Mais à part ça, je pense que ce n’était pas cohérent, ce n’était pas juste, ce n’était pas fidèle à la relation commerciale que nous avions depuis si longtemps. Donc, et je le répète, non pas que nous ne soyons pas parvenus à un accord sur le projet, même si, en fait, ce n’était même pas une question d’honneur, c’était une question de caractéristiques du contrat, simplement parce que le contrat a cinq pages et qu’elle a envoyé quatre pages d’observations.
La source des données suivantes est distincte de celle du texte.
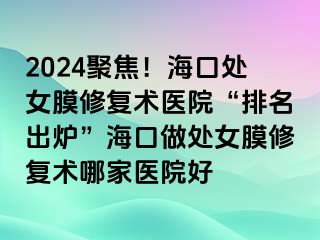 2024聚焦！?？谔幣ば迯?fù)術(shù)醫(yī)院“排名出爐”?？谧鎏幣ば迯?fù)術(shù)哪家醫(yī)院好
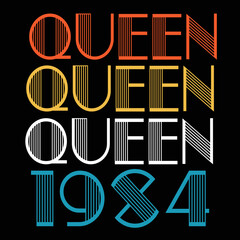 Queen Born In 1984 Vintage Birthday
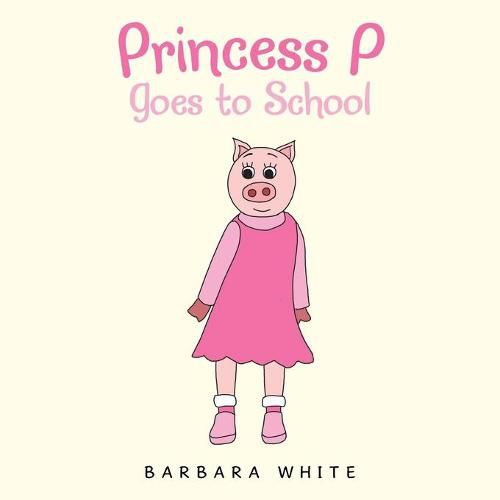 Cover image for Princess P Goes to School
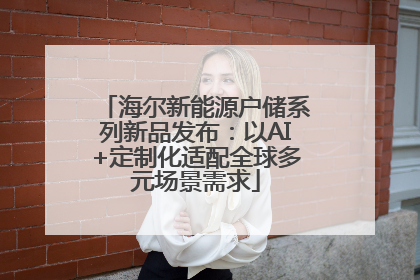 海尔新能源户储系列新品发布：以AI+定制化适配全球多元场景需求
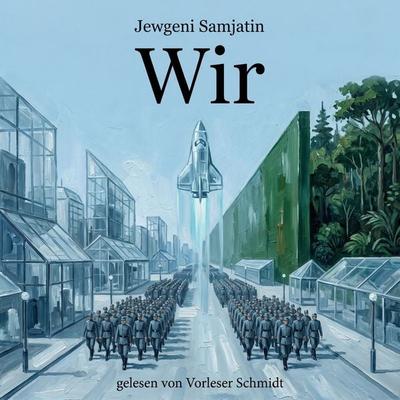 Wir - Jewgeni Samjatin, Audio, 9789925666744
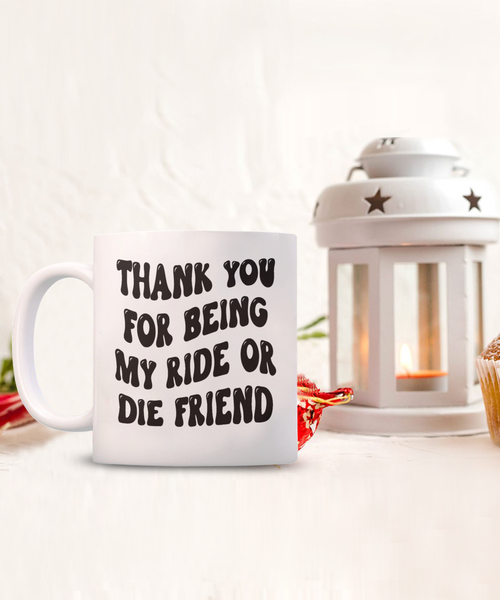 Ride Or Die Gift, Ride Or Die, Bestie Mug, Ride Or Die Friend, Ride Or Die Gifts, BFF Mug, Ride or Die Mug, Best Friends Mug, Friendship Mug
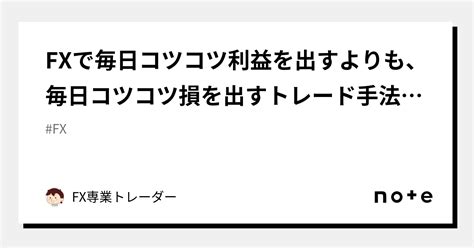 Fxで毎日コツコツ利益を出すよりも、毎日コツコツ損を出すトレード手法の方が実際には稼げる戦略である｜fx専業トレーダー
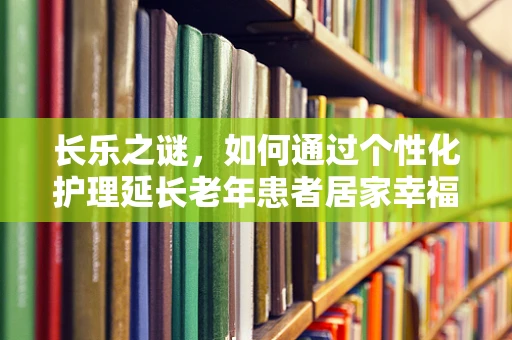 长乐之谜，如何通过个性化护理延长老年患者居家幸福时光？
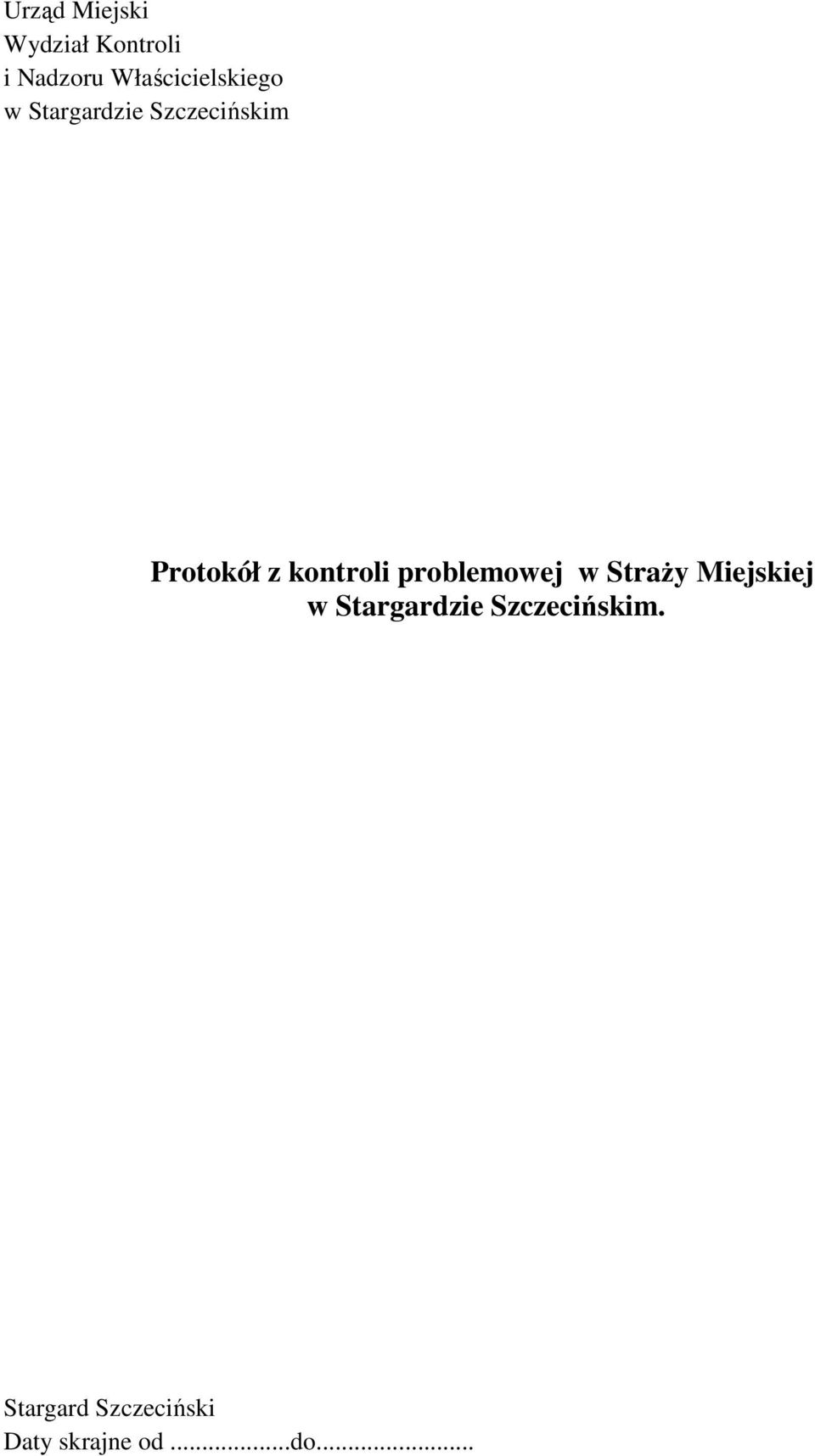 Protokół z kontroli problemowej w Straży Miejskiej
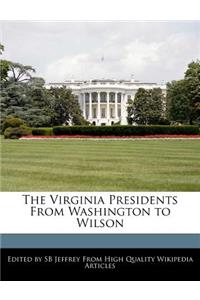 The Virginia Presidents from Washington to Wilson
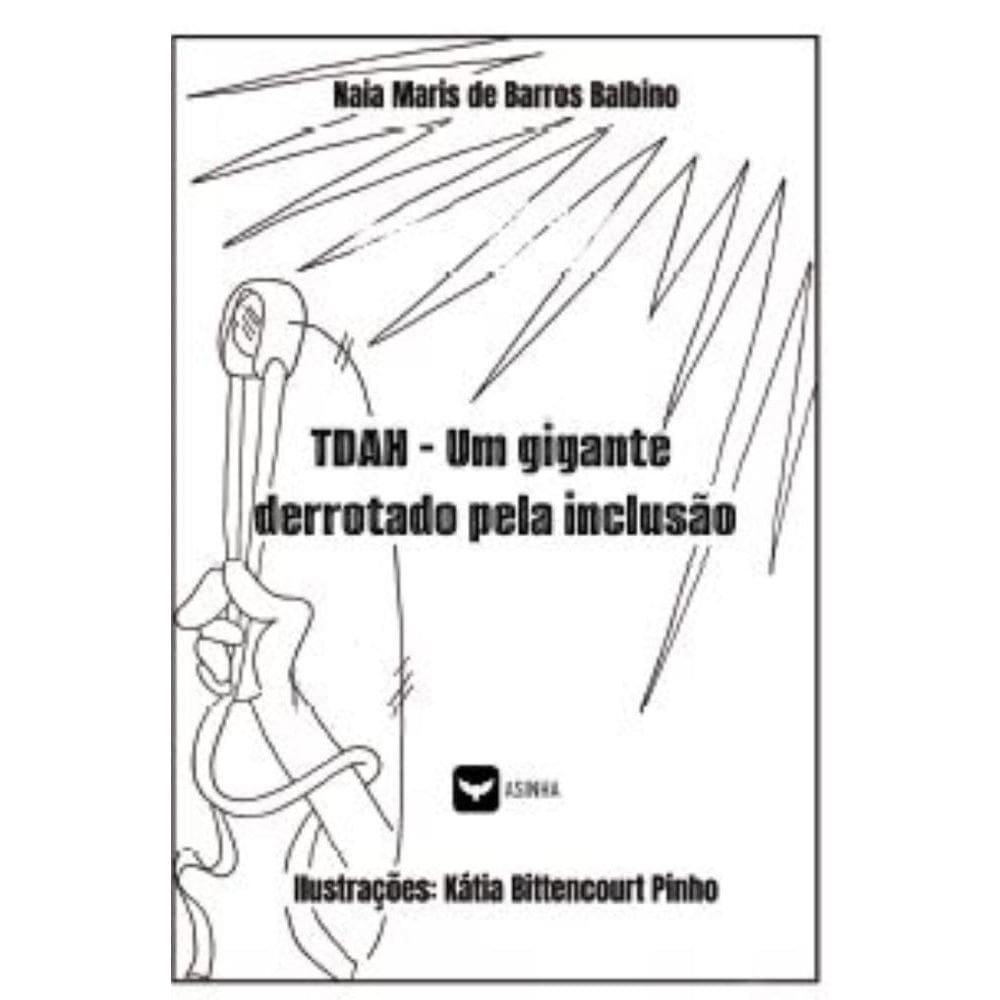TDAH - Um gigante derrotado pela inclusão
Visiblement, le temps passait. Nous n’avions pas de réponse précise sur la façon dont ils voulaient faire les choses. Et bien sûr, nous avons décidé de lui faire savoir que nous apprécions son intérêt à participer au projet, que nous aurions aimé l’avoir car nous allions aller chercher un autre talent pour faire le projet. Et regardez, enfin, il y a un casting extraordinaire, un casting merveilleux. Je suis sûr qu’elle accomplira également de merveilleuses choses professionnelles et cela n’a tout simplement pas coïncidé, cela ne s’est pas produit dans cette opportunité et je respecte beaucoup sa carrière et son travail.

Quels sont vos feuilletons préférés dans l’histoire de la télévision vénézuélienne ? Y en a-t-il dans « Dramaticas » ?

J’aime vraiment les feuilletons vénézuéliens, mais je pense que « Ka ína » est l’un de mes préférés. C’est un joyau de la télévision.  » La guerre des femmes « ,  » Les amoureux de la pleine lune « ,  » Le pays des femmes « ,  » Rich Thing « . Je pense que ce sont peut-être mes feuilletons préférés, les romans de Mónica Montañéz aussi, je pense que c’est une écrivaine extraordinaire.

La vérité est que je suis passionné par le genre, je l’aime beaucoup en général. J’aime les telenovelas vénézuéliennes, je pense que ces titres en particulier ont quelque chose, ils ont cette magie de la séduction qui m’a rendu accro à un moment donné.